SEC Updates Form CRS FAQs

On February 11, 2020, the staff of the Securities and Exchange Commission (SEC) updated its Frequently Asked Questions on Form CRS with regard to a number of topics:

Legal Representative:  Similar to the update on Regulation Best Interest, the staff clarified that the term “legal representative” would not cover regulated financial services industry professionals including a workplace retirement plan representative (e.g., plan sponsor, trustee, other fiduciary), except in limited circumstances.  The staff further noted, however, that a formerly regulated financial services industry professional who is not currently regulated, would be considered a “non-professional” and, thus, a covered legal representative.

Delivery requirements: The staff clarified that where one adviser (Firm A) provides advice to another unaffiliated adviser (Firm B) but has no advisory contract (oral or written) with Firm B’s clients, absent other facts or circumstances that would indicate that Firm A provides investment advisory services to Firm B’s retail investor clients, Firm A would not be required to deliver a Form CRS to Firm B’s retail investor clients. The staff also indicated that an amendment to an existing account agreement solely to add another account holder or beneficiary would not trigger a Form CRS delivery requirement but that converting an account at a dual registrant from a brokerage account to advisory account (and presumably vice versa) would require delivery of Form CRS even if the investor initially received Form CRS upon opening the original account.
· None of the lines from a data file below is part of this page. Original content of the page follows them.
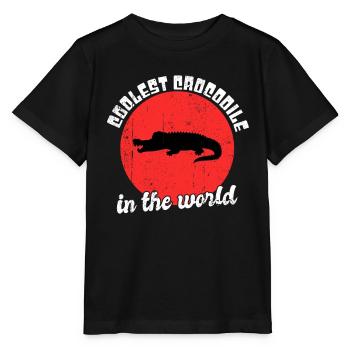 Cool crocodile saying - Stanley/Stella MINI CREATOR Kids’ T-Shirt - black - Front - Mikhail (115cm)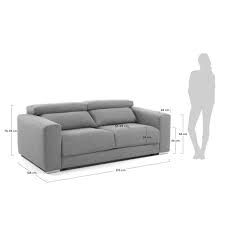 atlanta 3 seater sofa in light grey 210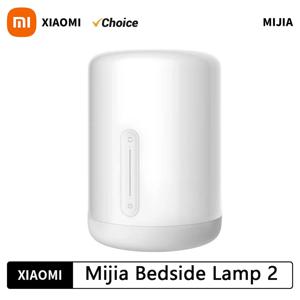 샤오미 미지아 침대 옆 램프 2 스마트 테이블 LED 야간 조명, 다채로운 400 루멘, 블루투스 와이파이 터치 컨트롤, 애플 홈킷 시리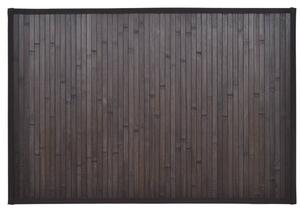 Bambusová koupelnová předložka 60 x 90 cm tmavě hnědá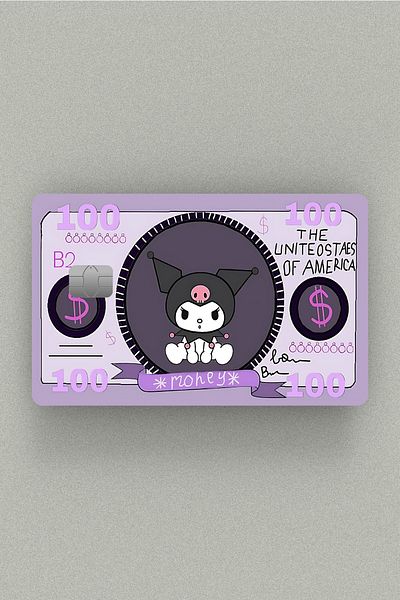 Namgo بطاقة ائتمان Kuromi Money وغطاء ملصق Akbil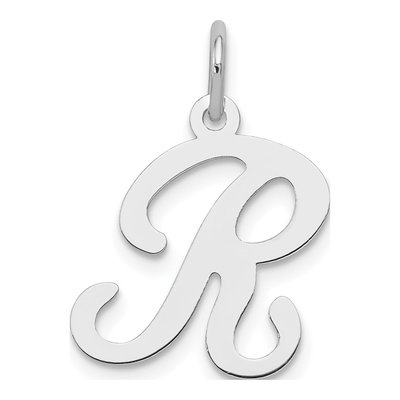 Sterling Silver Letter R Pendant
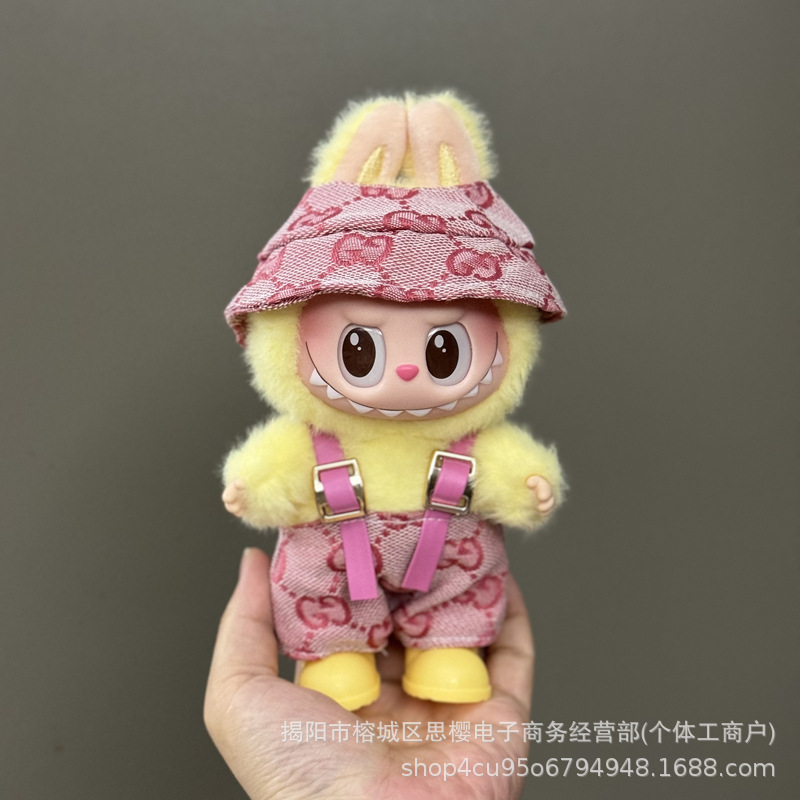 Ropa exclusiva para muñeco Labubu – prendas de peluche 17 cm, falda y traje para primera y segunda generación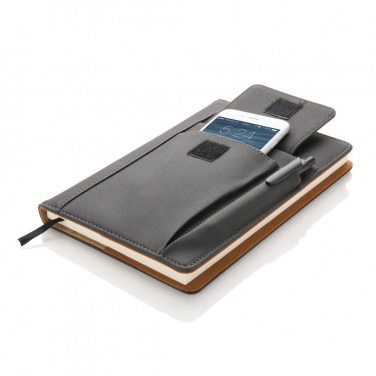 Logotrade advertising product picture of: Notebook with phone pocket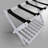 Shelf-White Luggage Rack, 26.75" Wide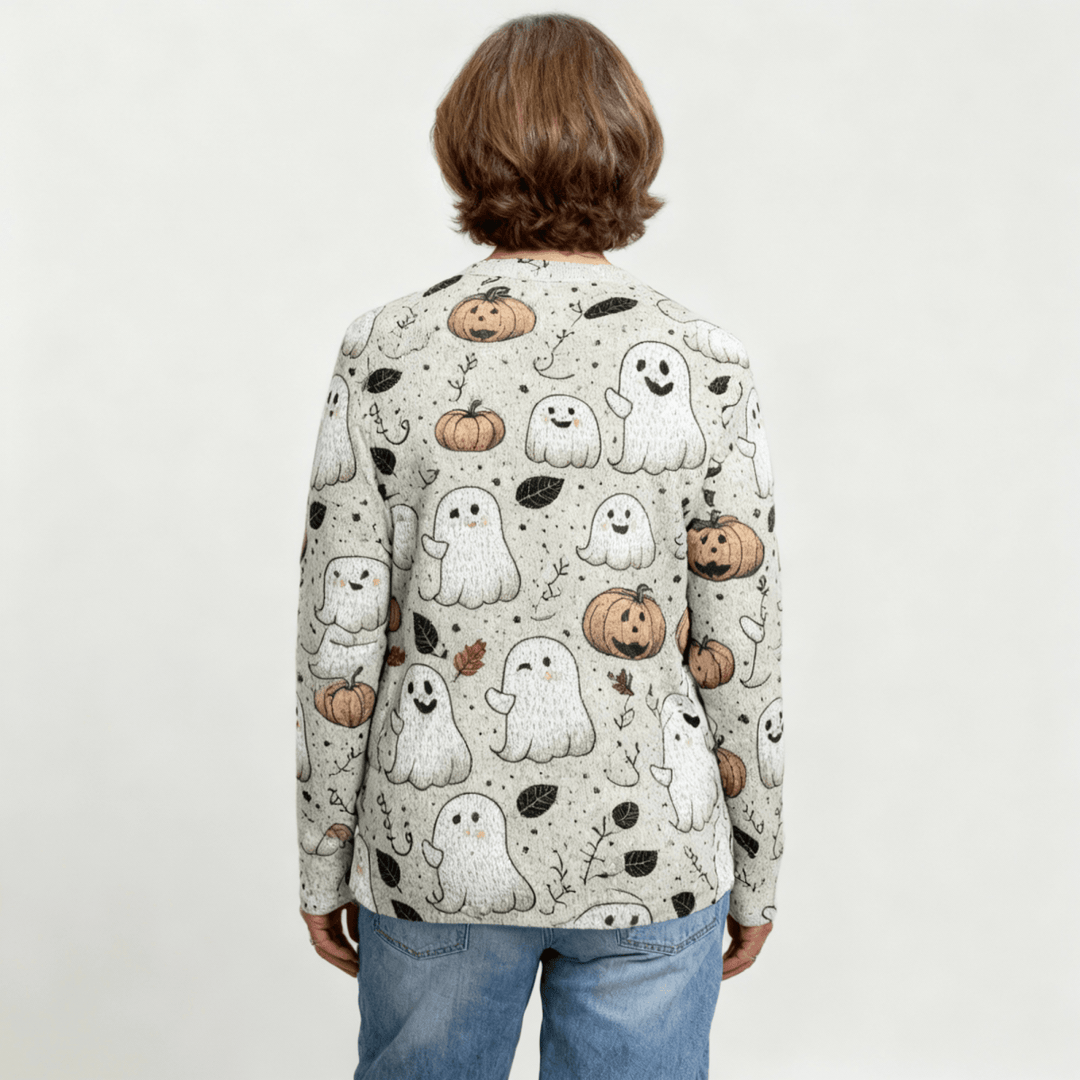 Raven | Halloween Cardigan - Barbara benjamin new york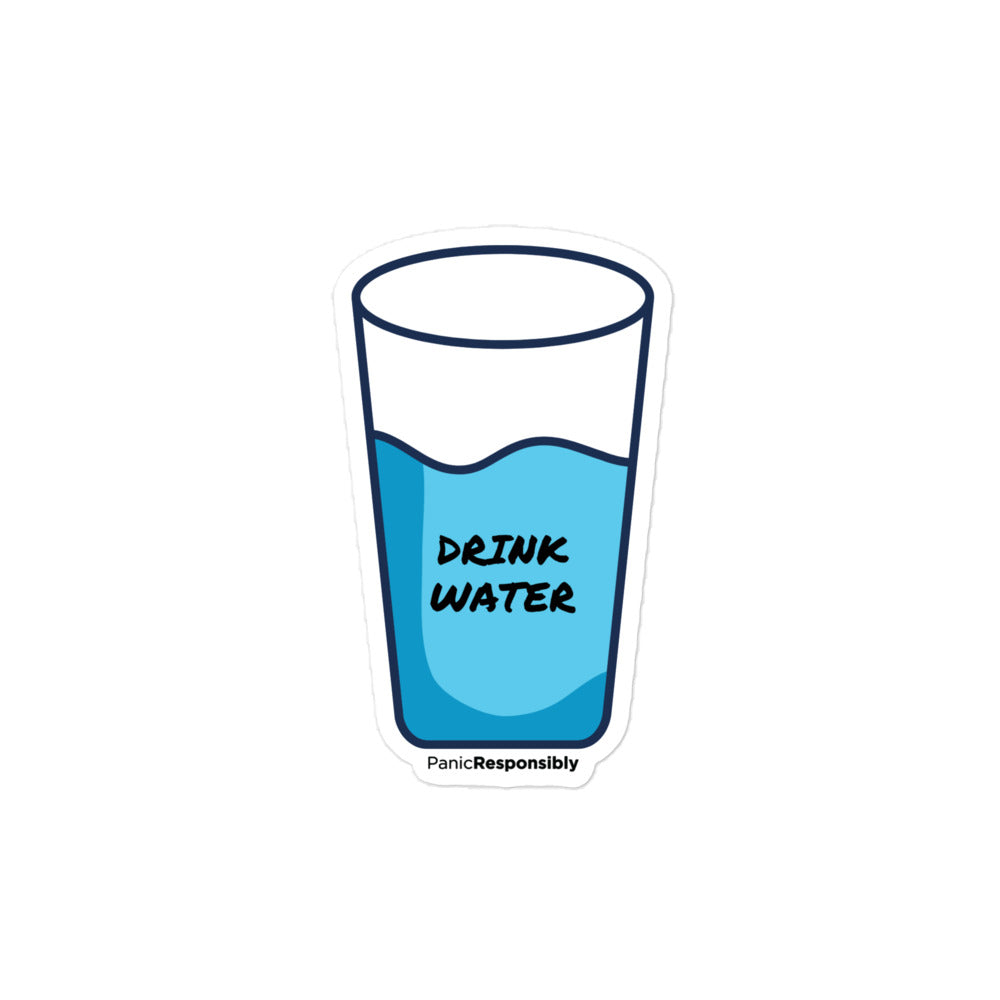 Drink Water Sticker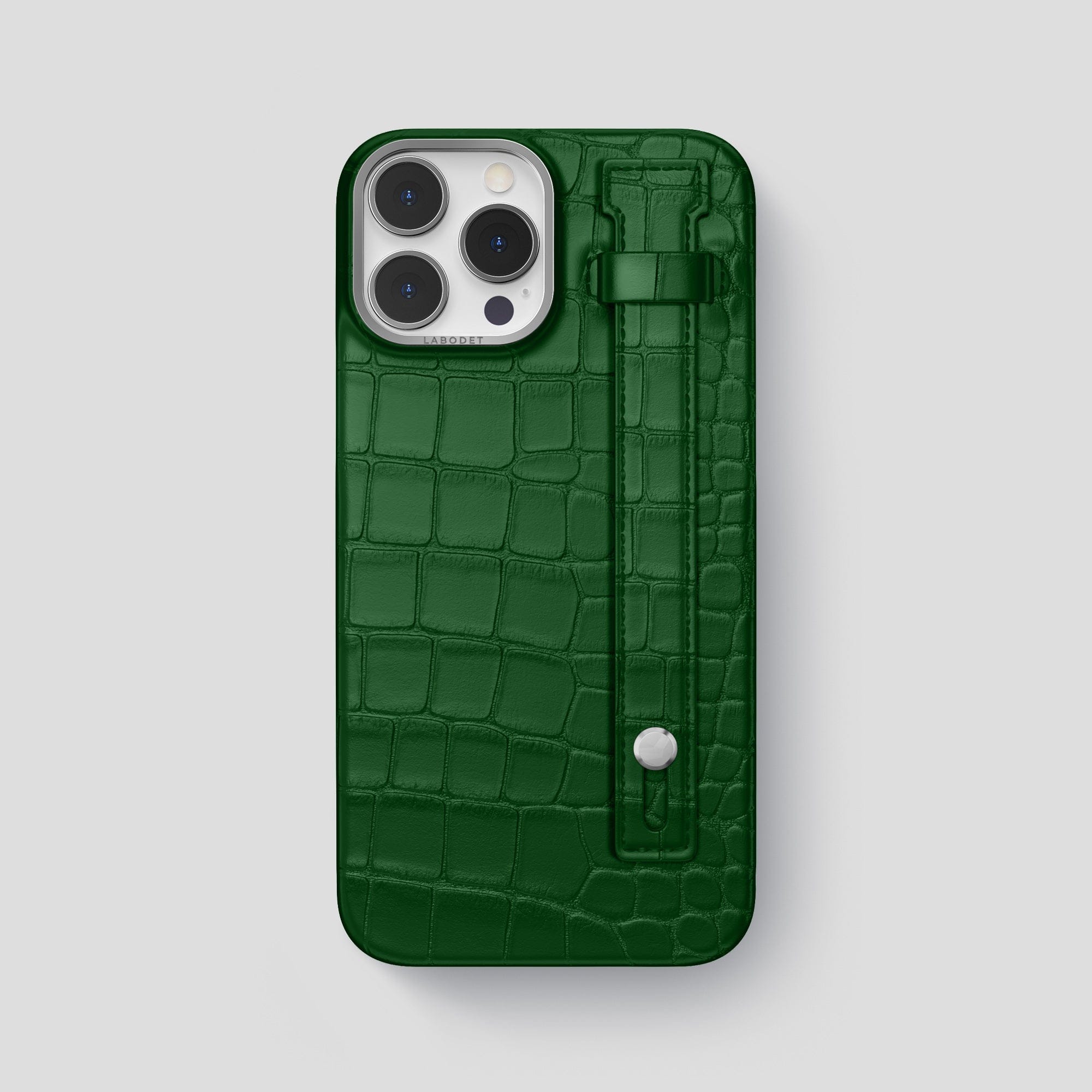 Hand Strap Case For iPhone 14 Pro Max In Alligator · Labodet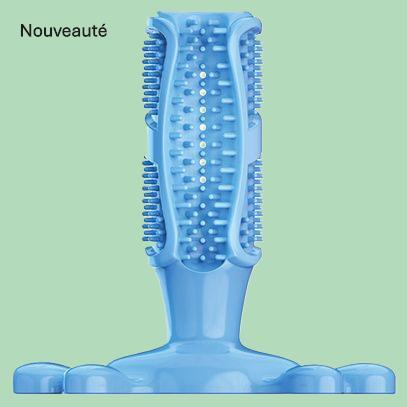 Stick brosse à dent caoutchouc Doogy, Taille 12,6 cm , chien moyen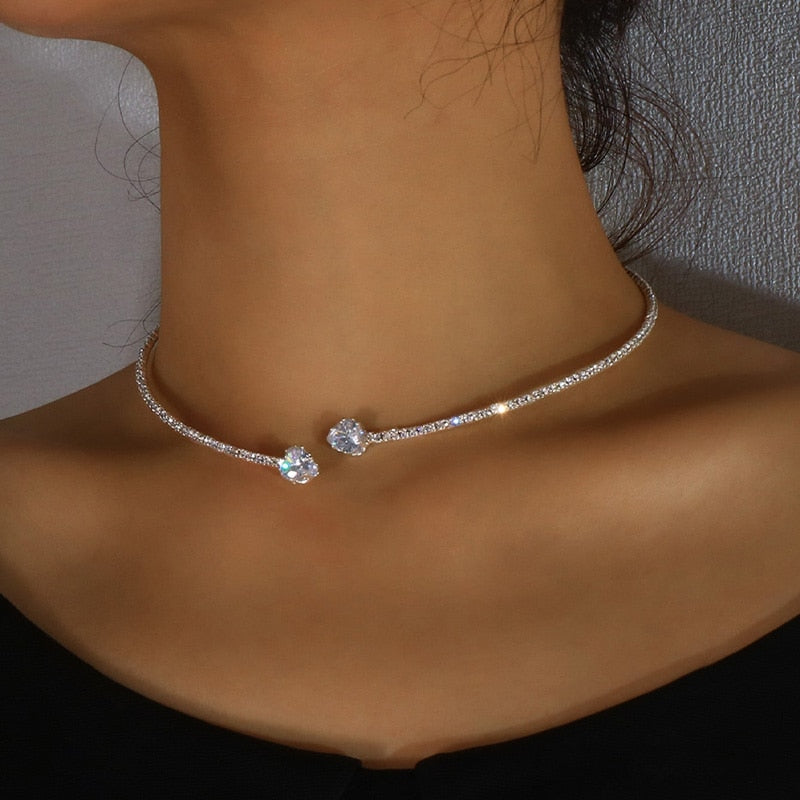 Gargantilha Luxo com Cristais Velavue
The staff also clarified that a broker-dealer acting solely as a qualified custodian to an investment adviser’s retail investment advisory clients would not need to deliver a Form CRS. Finally, the staff discussed when a state-registered adviser transitioning to SEC registration is required to deliver its Form CRS.

Affiliates: The staff clarified that affiliated investment advisers (or affiliated broker-dealers) may create and deliver a combined Form CRS. The staff also indicated that a firm with multiple affiliates can combine disclosure in one Form CRS, but the staff cautioned that the page limits still apply and that the firm “should be mindful of the potential that additional information from multiple affiliates could “obscure or impede understanding.”  It also should be mindful that it is required “to present brokerage and investment advisory information with equal prominence and in a manner that clearly distinguishes and facilitates comparison.”

Sub-advisers: The staff stated that in circumstances where an adviser replaces a sub-adviser, and there are no changes to the advisory agreement, services, investments, or conflicts of interest that would make the information in the adviser’s Form CRS materially inaccurate, the staff would not object if the firm does not consider this a material change that would require the adviser to amend its Form CRS. The staff did not clarify the types of changes to the advisory agreement, services, investments or conflicts that would be considered material changes.

Disciplinary history: The staff clarified that a firm that reports disciplinary history related to its parent company in response to Item 11 on the firm’s Form ADV and Items 11A-K on the firm’s Form BD must answer “yes” to Item 4 in Form CRS.

Foreign language: Finally, the staff stated that it would not object to the delivery of a complete translation of Form CRS in a foreign language so long as the firm also delivers a separate English Form CRS at the same time.